Given records.
------

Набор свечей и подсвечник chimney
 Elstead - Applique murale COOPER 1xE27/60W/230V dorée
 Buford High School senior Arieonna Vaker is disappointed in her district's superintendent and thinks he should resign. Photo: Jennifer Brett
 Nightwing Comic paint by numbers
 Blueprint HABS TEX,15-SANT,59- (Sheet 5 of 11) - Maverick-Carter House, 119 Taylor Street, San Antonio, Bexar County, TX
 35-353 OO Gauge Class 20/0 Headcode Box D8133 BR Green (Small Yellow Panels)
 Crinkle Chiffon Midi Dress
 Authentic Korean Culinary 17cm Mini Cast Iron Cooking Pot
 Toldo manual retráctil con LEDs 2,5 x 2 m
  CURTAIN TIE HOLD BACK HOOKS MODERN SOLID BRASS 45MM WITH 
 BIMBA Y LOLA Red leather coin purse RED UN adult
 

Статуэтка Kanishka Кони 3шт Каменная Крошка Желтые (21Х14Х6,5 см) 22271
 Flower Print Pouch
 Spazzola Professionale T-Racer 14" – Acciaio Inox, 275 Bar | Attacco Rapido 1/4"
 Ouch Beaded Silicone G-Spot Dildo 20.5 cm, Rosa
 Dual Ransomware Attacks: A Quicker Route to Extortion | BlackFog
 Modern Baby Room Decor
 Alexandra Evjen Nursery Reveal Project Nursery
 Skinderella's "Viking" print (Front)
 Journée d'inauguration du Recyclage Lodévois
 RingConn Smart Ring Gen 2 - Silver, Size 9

------

Retype exactly the lines of the data above, starting at its first line and finishing with the line that has "Nightwing Comic paint by numbers" in it.

Your solution.
Набор свечей и подсвечник chimney
 Elstead - Applique murale COOPER 1xE27/60W/230V dorée
 Buford High School senior Arieonna Vaker is disappointed in her district's superintendent and thinks he should resign. Photo: Jennifer Brett
 Nightwing Comic paint by numbers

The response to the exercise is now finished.